> **The input**
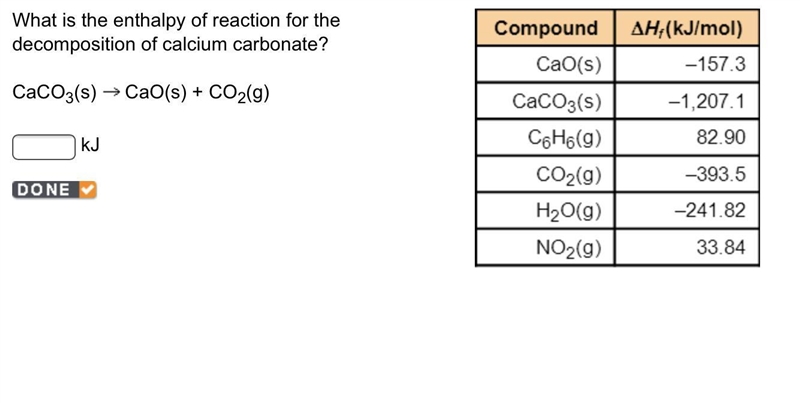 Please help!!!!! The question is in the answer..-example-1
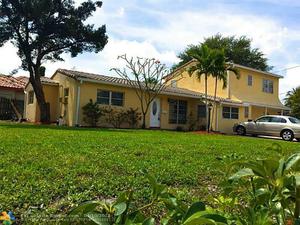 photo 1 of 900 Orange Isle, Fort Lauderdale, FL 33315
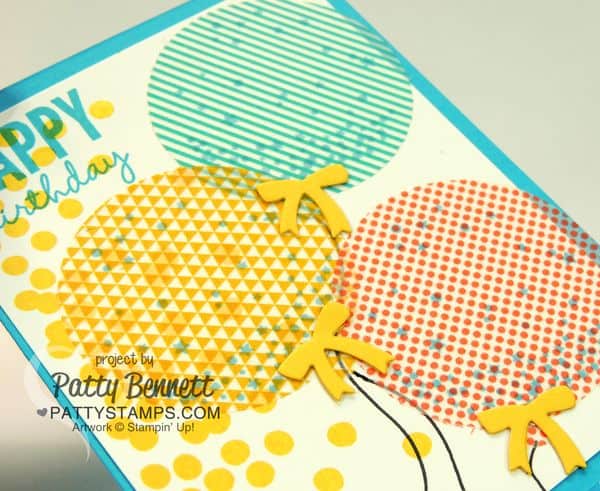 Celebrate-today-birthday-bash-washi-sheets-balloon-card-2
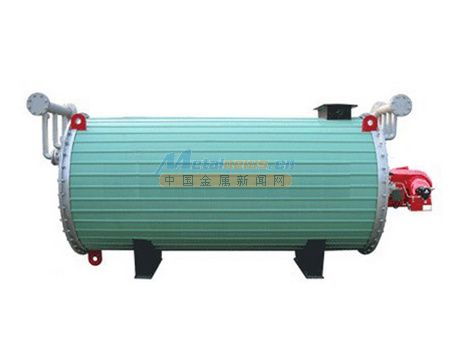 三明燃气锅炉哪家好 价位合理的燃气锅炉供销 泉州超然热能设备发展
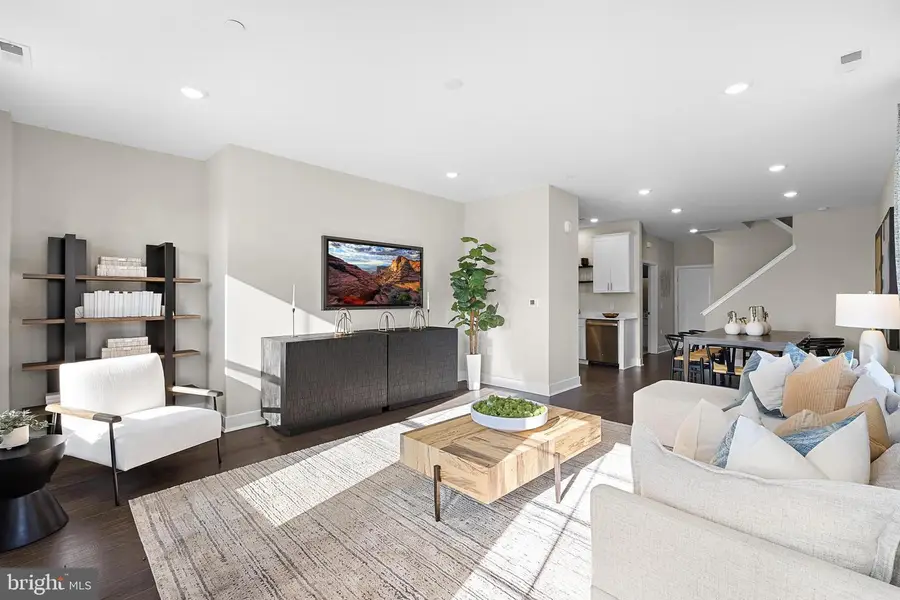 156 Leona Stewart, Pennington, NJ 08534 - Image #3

...

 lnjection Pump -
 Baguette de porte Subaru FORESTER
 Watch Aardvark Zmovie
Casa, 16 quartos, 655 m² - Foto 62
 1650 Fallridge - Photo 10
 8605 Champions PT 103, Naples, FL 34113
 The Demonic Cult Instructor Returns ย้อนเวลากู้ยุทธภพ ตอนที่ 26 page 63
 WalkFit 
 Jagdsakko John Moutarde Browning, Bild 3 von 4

> **To do**
Look above for the line with "8605 Champions PT 103, Naples, FL 34113" and the line with "Jagdsakko John Moutarde". Retype those two lines and every line between them exactly, adding nothing.

> **Your solution**
 8605 Champions PT 103, Naples, FL 34113
 The Demonic Cult Instructor Returns ย้อนเวลากู้ยุทธภพ ตอนที่ 26 page 63
 WalkFit 
 Jagdsakko John Moutarde Browning, Bild 3 von 4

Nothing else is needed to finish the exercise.